Barber v Somerset County Council [2004] IRLR 475


The House of Lords has approved the practical guidance on determining the scope of the employer’s duty to prevent occupational stress set out by the Court of Appeal in Sutherland v Hatton [2002] IRLR 263. But while that guidance ‘is a valuable contribution to the development of the law’, it certainly does not have anything approaching statutory force.


Each case must inevitably depend on its own facts. The House of Lords also said that the best statement of general principle remains that in Stokes v Guest Keen & Nettlefold (Bolts and Nuts) Ltd [1968] 1 WLR 1776 - namely, that ‘the overall test is still the conduct of the reasonable and prudent employer taking positive thought for the safety of his workers in the light of what he knows or ought to know’.


Disability


Hewett v Motorola Ltd [2004] IRLR 545


A tribunal decided that an applicant was not protected by the Disability Discrimination Act 1995, because his long-term impairment, Asperger’s Syndrome, did not have an adverse effect on his ability to ‘understand’. The EAT allowed an appeal.


Ability to understand, for the purposes of paragraph 4(1)(g) of schedule 1 to the Act, is not limited simply to an ability to understand information, knowledge or instructions. A broad approach to the concept of understanding should be taken. There was clear evidence regarding the applicant’s difficulties in understanding the more subtle aspects of human interaction and so the case was remitted to determine whether the adverse effect of the impairment was substantial.


Swift v Chief Constable of Wiltshire Constabulary [2004] IRLR 540


A civilian police worker claimed to have been bullied at work. She asked that she should not have to work alongside the alleged bullies but was rostered to overlap with them on several occasions.
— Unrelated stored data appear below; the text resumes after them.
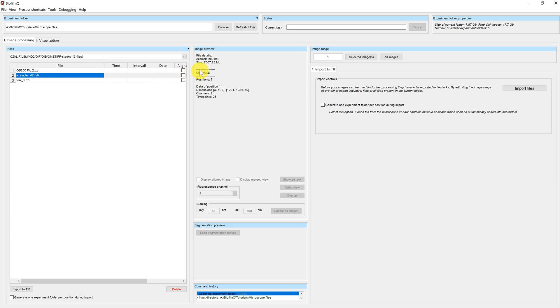This information is being updated when you click on another file. So you can see, for example, in the ND2 file, we have seven positions, two channels and 25 time points.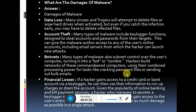This type of malware includes a keylogger function. A keylogger captures all your activities on a keyboard. It is designed to steal accounts and passwords by tracking keystrokes.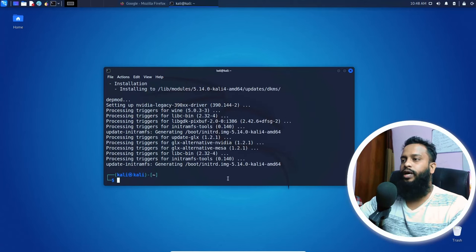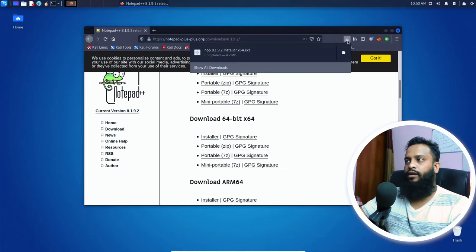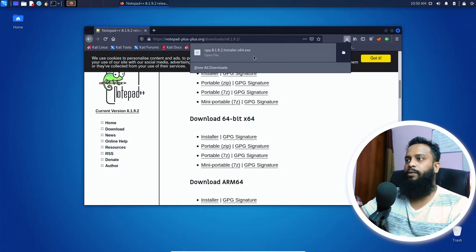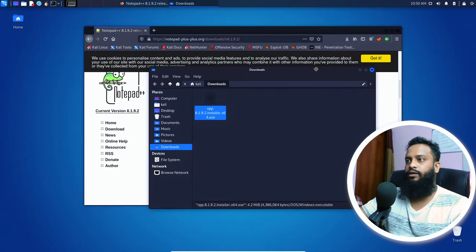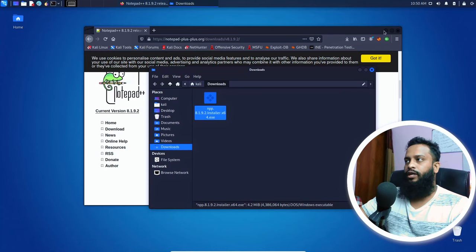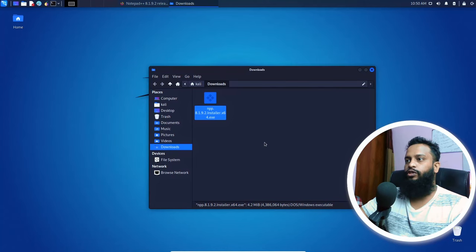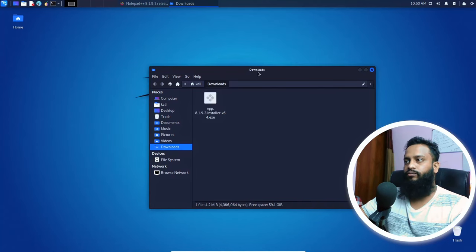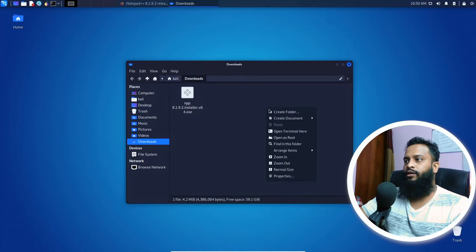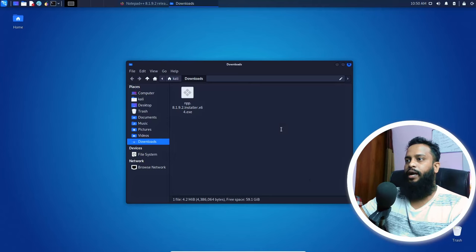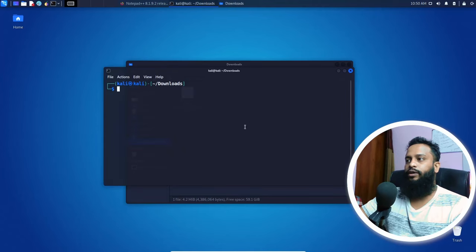Okay guys, now we have successfully installed all the Wine packages on our Kali Linux computer. Now we have downloaded the Notepad++ installer exe file on our Kali Linux computer. Let me show you how to install it. Go to your downloaded folder and open up a terminal into that folder.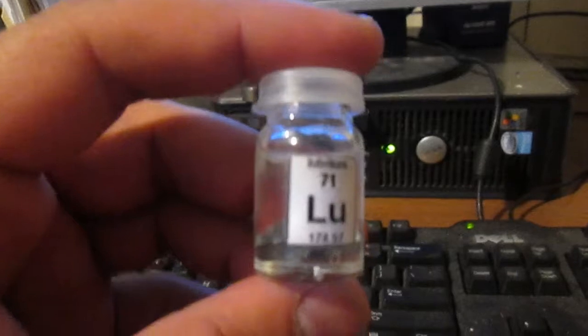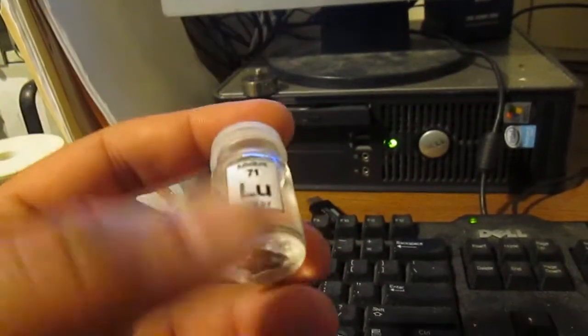It's a lanthanide. So we have a little sample here, a few grams. It's in mineral oil to prevent oxidation. It's a nice little shiny metal.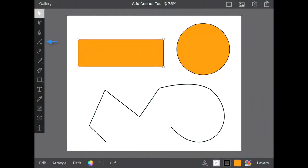The Add Anchor tool in Inkpad provides a great way to have greater control over an existing path or to turn a vector shape into something completely different.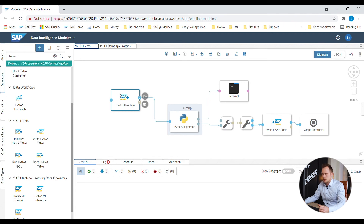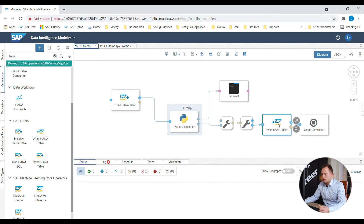The second step is to execute Pete's Python script. This can be done by using a Python operator containing the Python script. The third step is to write the predicted values back to the SAP HANA table on which the report is built. For this step the Write HANA Table operator is used.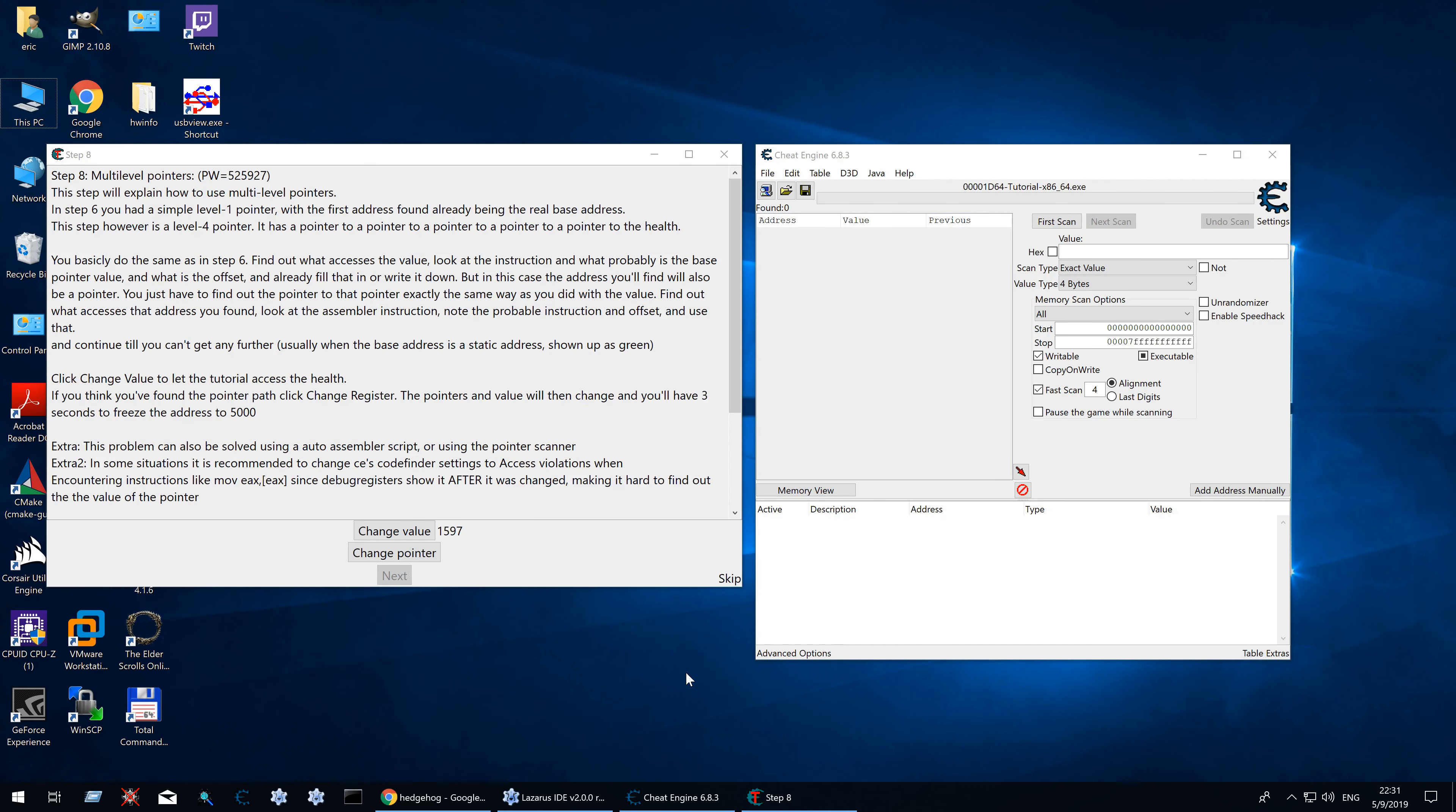Now that you have seen how pointers are used inside the game let's continue with the tutorial step 8, multilevel pointers. The object here is to find the working pointer path to the value and then freeze it to 5000.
She complained of disability discrimination, contending that her employers had failed to make reasonable adjustments to her shift pattern. A preliminary issue was whether she was ‘disabled’ within the statutory definition. It was conceded that she had a recognised psychiatric condition, namely, ‘moderately severe adjustment reaction with predominant symptoms of low mood and anxiety’ for a period of more than one year. A psychiatrist said that during that period there was a substantial and long-term effect on her ability to carry out normal day-to-day activities, in that her memory and concentration were affected. But those substantial adverse effects were not present later, even though she had intermittent panic attacks and although he took the view that her symptoms would return to the point of ‘impairment’ if she had to work with the alleged bullies.
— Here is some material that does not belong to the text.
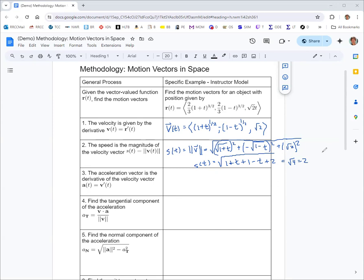That might seem counterintuitive for a minute because the velocity was not constant, but that's because velocity incorporates the magnitude — which is speed — but also the direction. So the situation here is where the speed is not changing, but we are changing direction.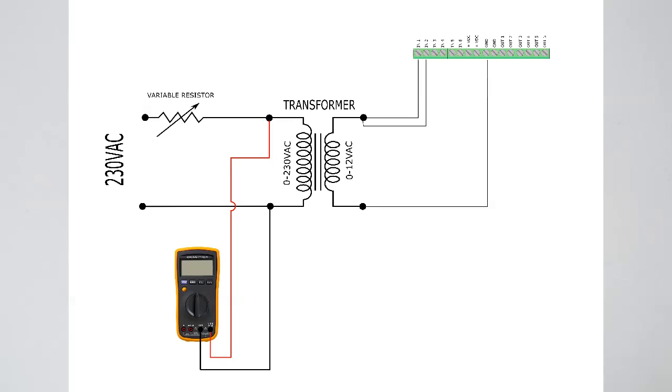This is the schematic of the circuit we will assemble. We will use a variable resistor to adjust the voltage, a 12VAC transformer that we will connect to M2M gateway and use a multimeter to compare values.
She argued that she fell within the definition of someone with a ‘recurring condition’ within paragraph 2(2) of schedule 1 to the Act. A tribunal dismissed her complaint and the EAT rejected an appeal.


The question for a tribunal is whether the substantial adverse effect is likely to recur, not whether the illness is likely to recur. In this case, the tribunal was entitled to find that an occasional panic attack or consequent sleepless night did not necessarily have a substantial effect on the applicant’s ability to carry out normal day-to-day activities.